Probably it wouldn’t be prepared in a bowl – instead, we’d be looking at a squalid couch, housed by three walls of a falling-apart set. Insert the following: A first-person narrator, an unhealthy relationship between a son and mother, an abusive and drunken husband, a fireplace from which characters appear, an empty fiddle case, blood in the wash water, quite a lot of dialogue about shoes and feet, an old woman, the same woman when she’s younger, a gas boy (the kind that comes to your house to work on your electrics and plumbing) who might be a fantasy, a heavy dose of memory-tinged and imagery-based speech, a sword, a penchant for mixing the mythical with mystical, a pram, a tin of moldy biscuits, and stir firmly for 80 minutes.
When broken down into its isolated components, Crackskull Row seems as though it would have a good chance of being – at the very least – compelling, and it doesn’t totally disappoint. The acting is sturdy throughout, with a particularly strong performance from Gina Costigan, who seamlessly achieves the play’s doubling requirements by first playing the daughter of, and then in the scene immediately thereafter, the younger version of the mother around whom the play unfolds. The construction of the play as a whole, though (all those ingredients!), is surprising mostly in that it doesn’t provide much by way of surprises.
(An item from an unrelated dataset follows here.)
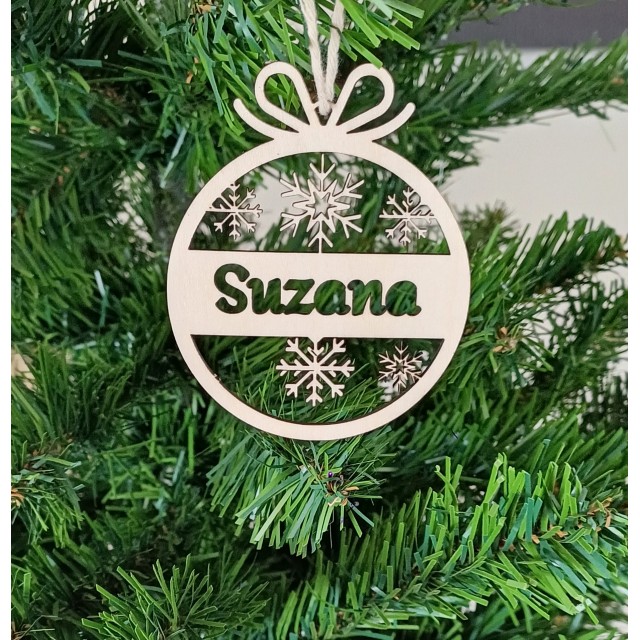 Personaliziran lesen božični obesek VAŠE IME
The play starts with a narrator named Rasher (Colin Lane), who has just gotten out of prison. He seems to be a rather dark and tortured individual, and also has the theatrical ability of providing a commentary on actions past. Then it’s on to the squalid room, with that couch-bound old woman (Terry Donnelly), wheedling, complaining, spinning nothing out of more nothing to her daughter, who has entered the scene via the fireplace. (This happens more than once, and it’s never really clear why, other than to indicate that we’re in a sort of fairy tale space rather than a naturalistic one.) Certain omens promise the presence and coming of something ominous this night, and then we flashback (33 years?) and now the daughter becomes the mother, and a young man (played with some playfulness by John Charles McLaughlin) enters – he is the younger version of Rasher. Also, he’s in love with his mother. In a not-so-okay way. And then it’s mostly back and forth within those three frames – the husband (played also by Colin Lane), classic bad man that he is, comes home, stirs up too much drunken trouble, and a “terrible event” occurs – the kind of terrible event that could put you away in prison for 30 years, leaving your mother and love interest to wither away until she’s naught but a shell on a couch – well, you get the picture.
The strangest choice the play makes is withholding the one scene that, to me anyway, had the most promise in terms of ready-made dramatic stakes – the one in which the son, now old, returns home to confront his mother. We do get it eventually, but it comes so late that it seems almost an afterthought to the action, and culminates in a final moment that feels unintentionally comic rather than dreadful.
Maybe that watch-the-mix video recipe example came to mind as a result of the rich imagery that emerges from the text (delivered with heavy but decipherable Irish accents throughout) – the images themselves, recalled by the characters, resonate the strongest and the longest, and provide a respite from the otherwise sordid affairs playing out on stage. Sure, the memories threaten to slow up the drama, but they’re beautifully written and realized. Makes you wish, much like the characters onstage, that you could just freeze the action and zoom into those moments, living in them forever, leaving the rest behind.